7 Kommentare zu “„Berlin muss eine Altstadt wieder aufbauen“

  1. Es geschehen noch Zeichen und Wunder!
    In Berlin ist der gesunde Menschenverstand im Kommen!
    Genug der hässlichen Betonklötze!
    Jawoll, eine neue ´Altstadt´ ist in Planung.
    Hoffentlich kommen nicht wieder die bekannten Bedenkenträger und verbohrten Ideologen, die alles
    sabotieren wollen!
    Berlin soll wieder schön werden!

  2. Genauso, ist auch mein Empfinden.
    Es gab Zeiten da hatten Gebäude noch Ausstrahlung und Spiegelten den Glanz jener Epoche.
    Ein Blick nach Prag zeigt auf was auch Berlin mal hatte.
    Warum nicht an markanten Plätzen der Stadt nur alte Kandelaber wieder zum leuchten bringen ?
    Das Umfeld soll auch wieder in alten Baustiel das alte schöne Berlin ein neues Gesicht geben.

  3. Grundsätzlich begrüßenswert.

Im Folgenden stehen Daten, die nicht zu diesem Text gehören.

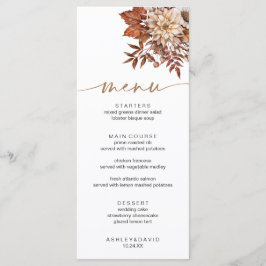 Menú Moderno Fall Bohemian Terracotta Floral Autumbe Me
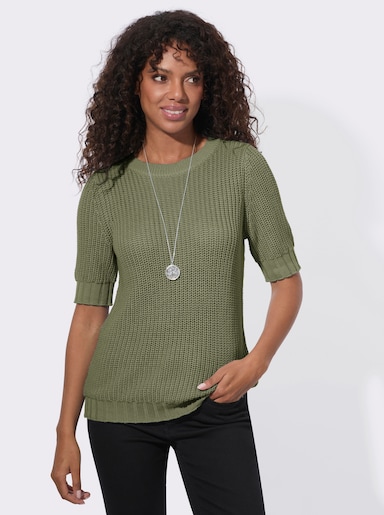 Kurzarmpullover mit Strickmuster - khaki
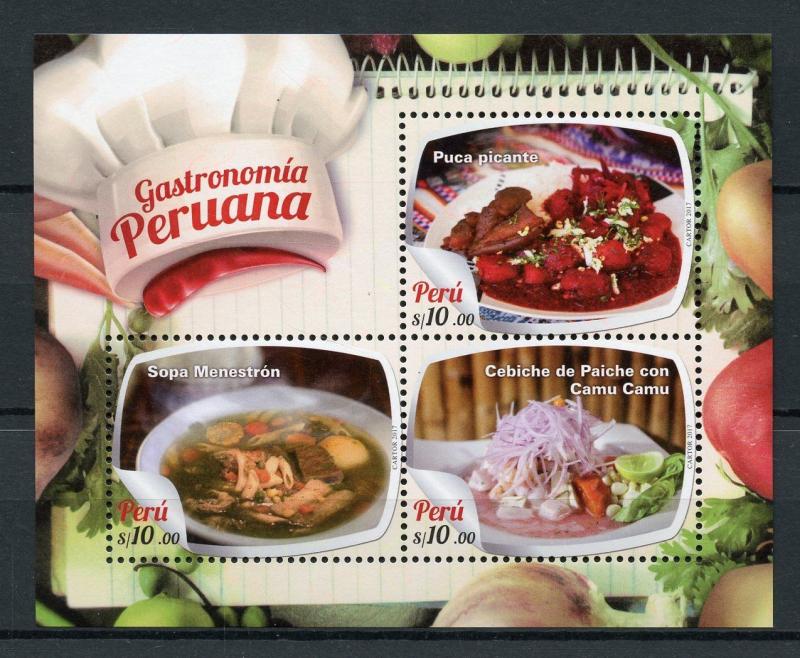 Peru 2017 MNH Pervuvian Gastronomy Puca Picante Sopa Menestron 3v M/S Stamps 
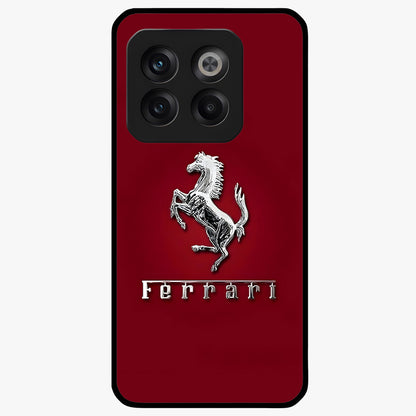 Crimson Stallion Prestige Glass Case for 1+10T powerful front view featuring majestic stallion artwork in crimson tones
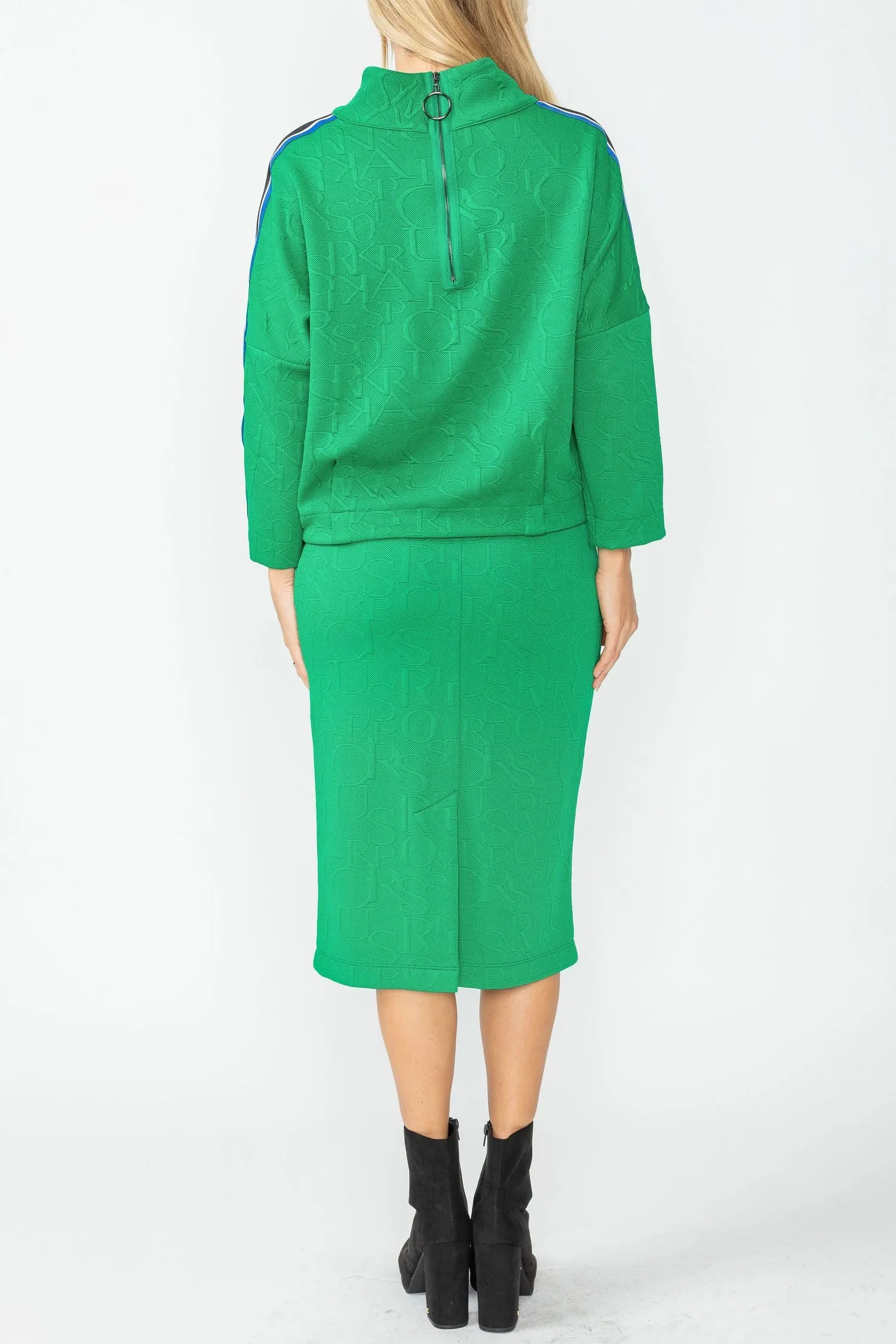 Green Shoulder Special Tape High-Stand Collar Top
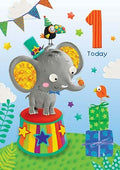 Elephant 1st Birthday Card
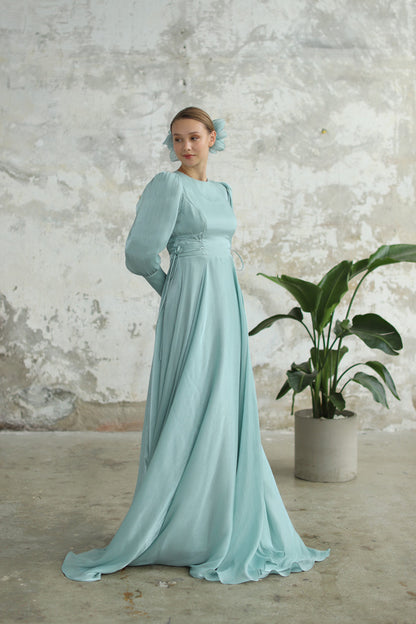 Bağcık Detaylı Şık Elbise Su Yeşili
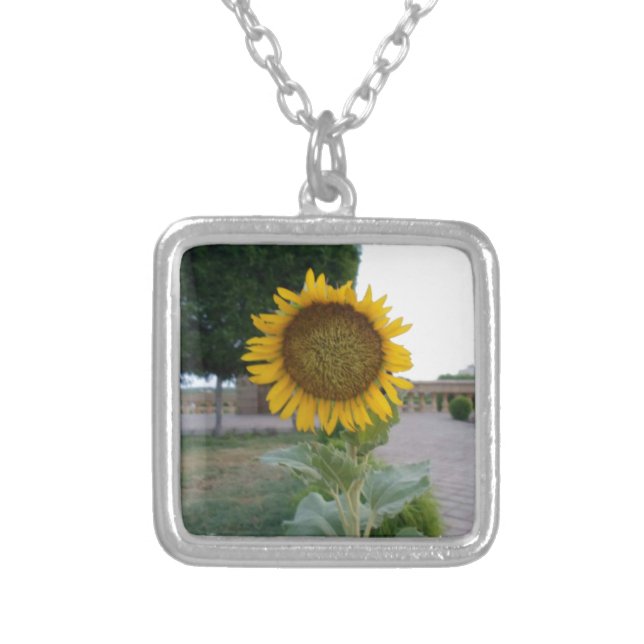Sunflower Art Print Silver Plated Necklace (Front)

Jedoch vermute ich hier wieder eine gewisse Halbherzigkeit. Auch am Berliner Schloß, durch dessen Rekonstruktion eine große Wunde in Berlin geschlossen werden konnte, wurde die im Artikel erwähnte Berliner Identität nicht umgesetzt. Es fehlen noch immer die Terrassen, die Rossebändiger, die Oranierfürsten, der Schloßbrunnen. Vor dem Eosanderportal wird durch einen modernistischen Schaukelbau noch vorhandene Reste der historischen Bebauung und wertvolle Mosaiken beschädigt, sondern auch der Wiederaufbau der Kolonnaden verhindert.

    1. Das wäre als hätte man in New York nach Abräumen der Trümmer (11. Sept.) eine Wiese angelegt anstelle des Wiederaufbaus des Downtown Areals.